*Brief*.
A verbatim reproduction of the lines below, from the line containing "Now whenever you" through the line containing "Now everything becomes", both ends included, is the whole required output.

*The data*.

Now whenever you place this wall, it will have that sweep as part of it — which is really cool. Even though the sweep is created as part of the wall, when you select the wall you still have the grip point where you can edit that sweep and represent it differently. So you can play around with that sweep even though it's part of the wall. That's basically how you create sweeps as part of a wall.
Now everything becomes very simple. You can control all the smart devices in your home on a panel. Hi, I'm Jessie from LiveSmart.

--

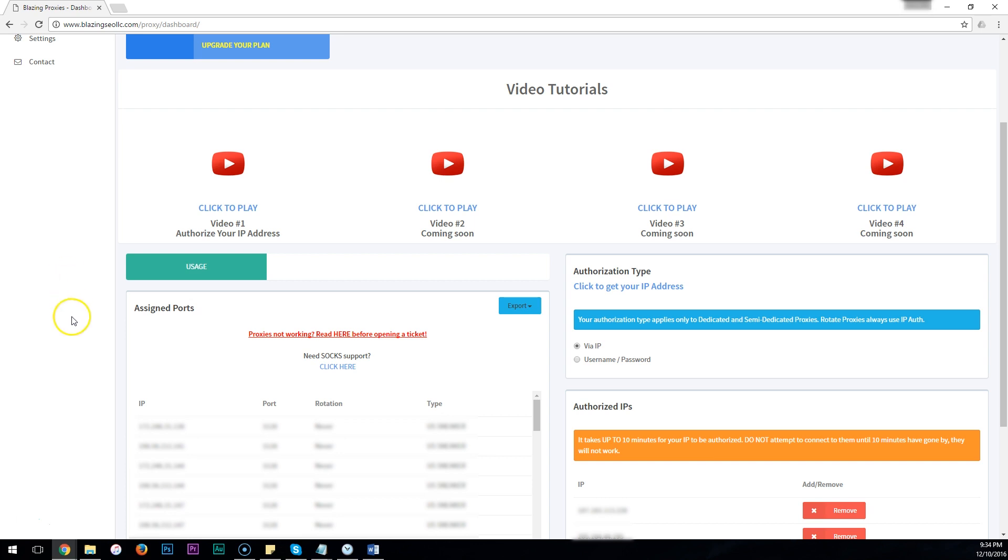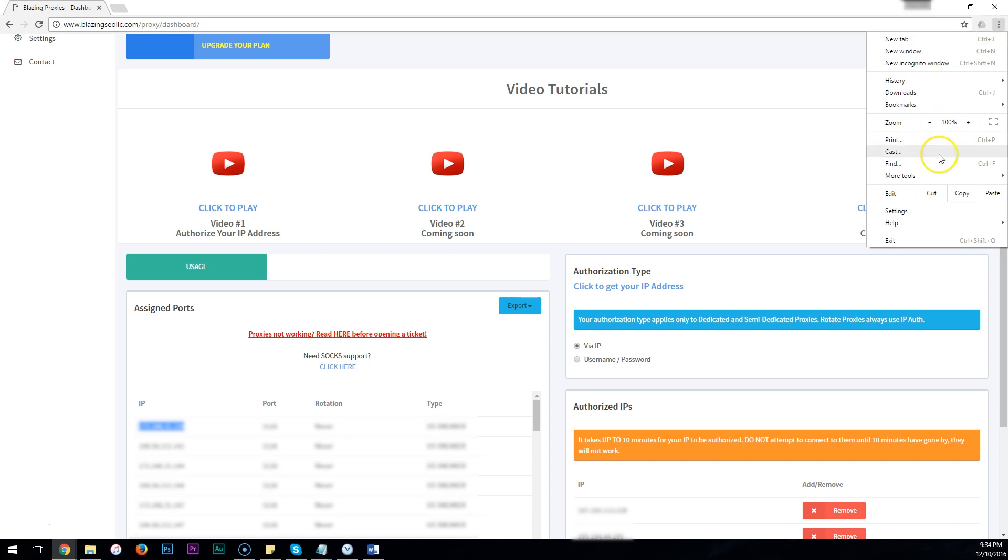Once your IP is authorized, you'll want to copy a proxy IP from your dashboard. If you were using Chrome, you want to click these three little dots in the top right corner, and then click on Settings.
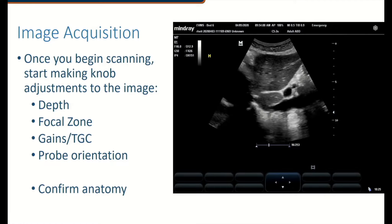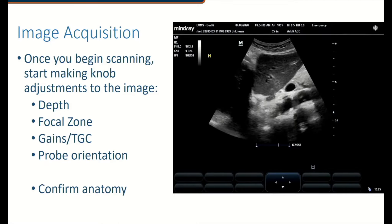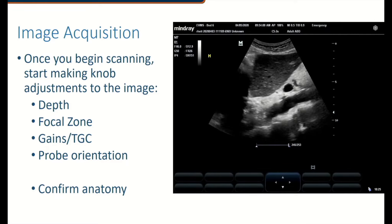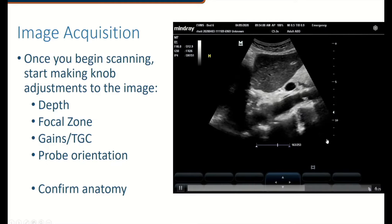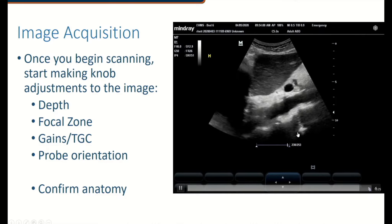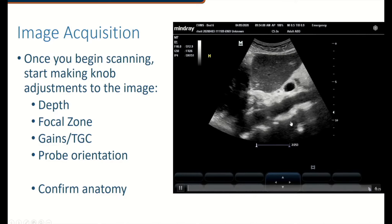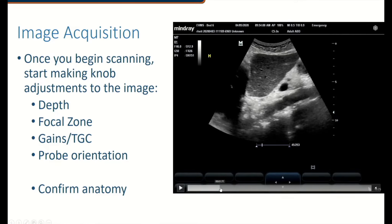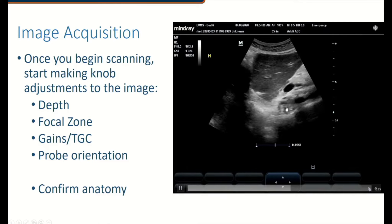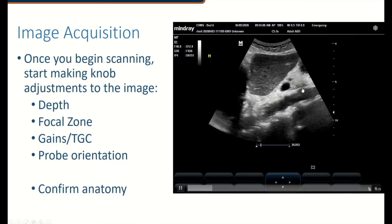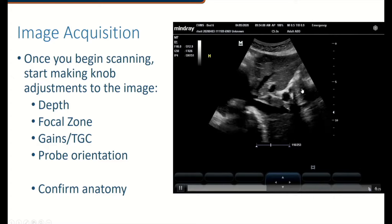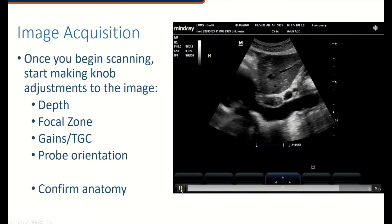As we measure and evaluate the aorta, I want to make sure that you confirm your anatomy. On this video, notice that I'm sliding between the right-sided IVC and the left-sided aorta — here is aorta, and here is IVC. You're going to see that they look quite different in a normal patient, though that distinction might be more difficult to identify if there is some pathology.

---

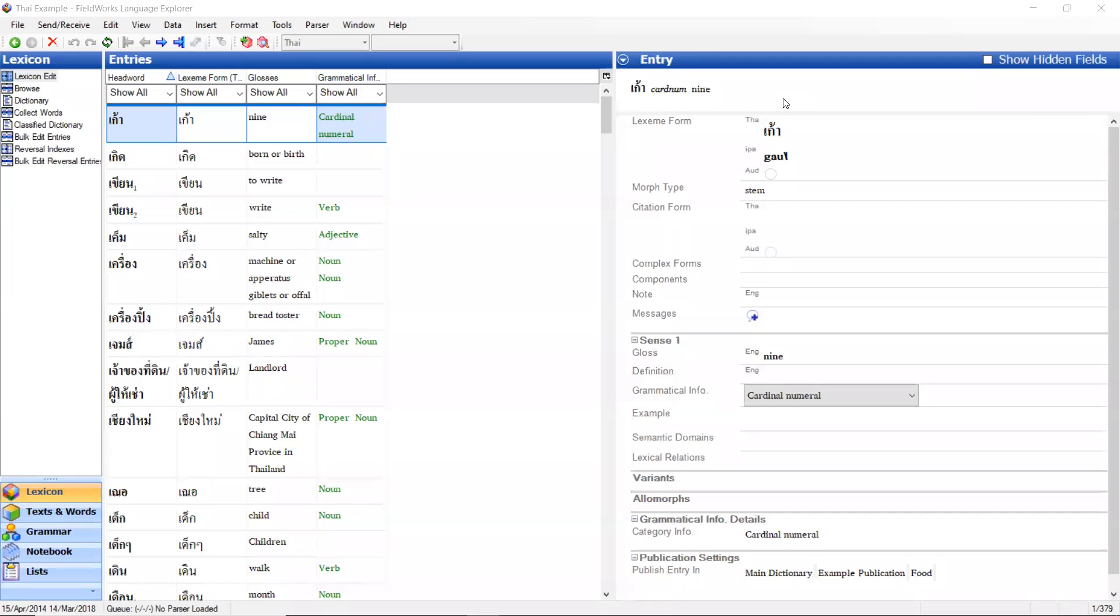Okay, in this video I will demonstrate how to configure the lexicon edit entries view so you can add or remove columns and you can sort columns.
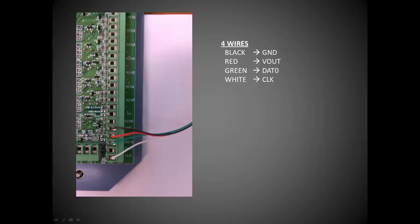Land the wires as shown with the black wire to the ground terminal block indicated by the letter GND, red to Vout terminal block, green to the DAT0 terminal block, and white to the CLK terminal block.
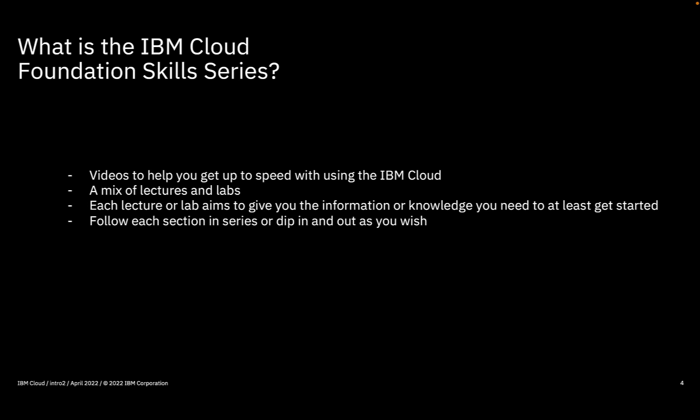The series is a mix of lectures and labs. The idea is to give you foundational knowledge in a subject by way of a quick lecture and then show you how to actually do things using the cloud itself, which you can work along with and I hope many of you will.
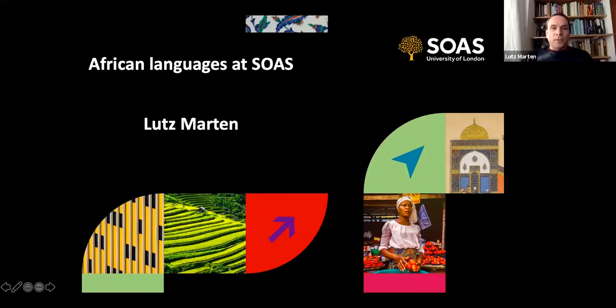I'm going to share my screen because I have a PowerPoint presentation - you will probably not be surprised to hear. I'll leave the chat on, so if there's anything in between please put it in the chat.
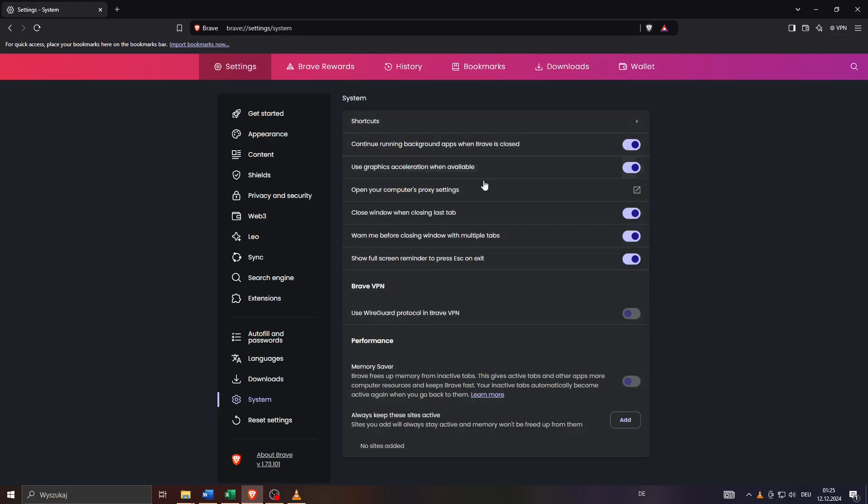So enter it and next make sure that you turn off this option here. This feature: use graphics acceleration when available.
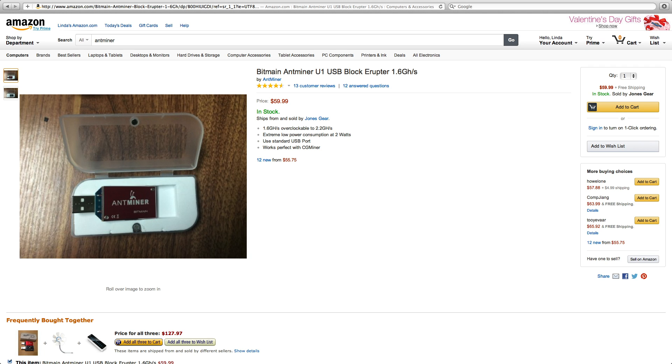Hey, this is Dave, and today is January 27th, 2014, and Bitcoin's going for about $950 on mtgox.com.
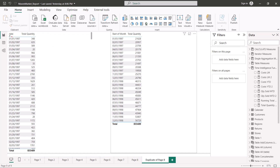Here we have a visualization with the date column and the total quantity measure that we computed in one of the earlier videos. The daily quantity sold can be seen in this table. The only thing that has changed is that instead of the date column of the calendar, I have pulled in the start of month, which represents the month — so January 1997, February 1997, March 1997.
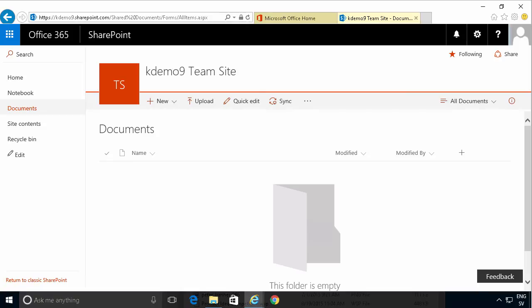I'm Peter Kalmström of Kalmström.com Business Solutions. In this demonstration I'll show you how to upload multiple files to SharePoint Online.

*Answer space*.
Now whenever you place this wall, it will have that sweep as part of it — which is really cool. Even though the sweep is created as part of the wall, when you select the wall you still have the grip point where you can edit that sweep and represent it differently. So you can play around with that sweep even though it's part of the wall. That's basically how you create sweeps as part of a wall.
Now everything becomes very simple. You can control all the smart devices in your home on a panel. Hi, I'm Jessie from LiveSmart.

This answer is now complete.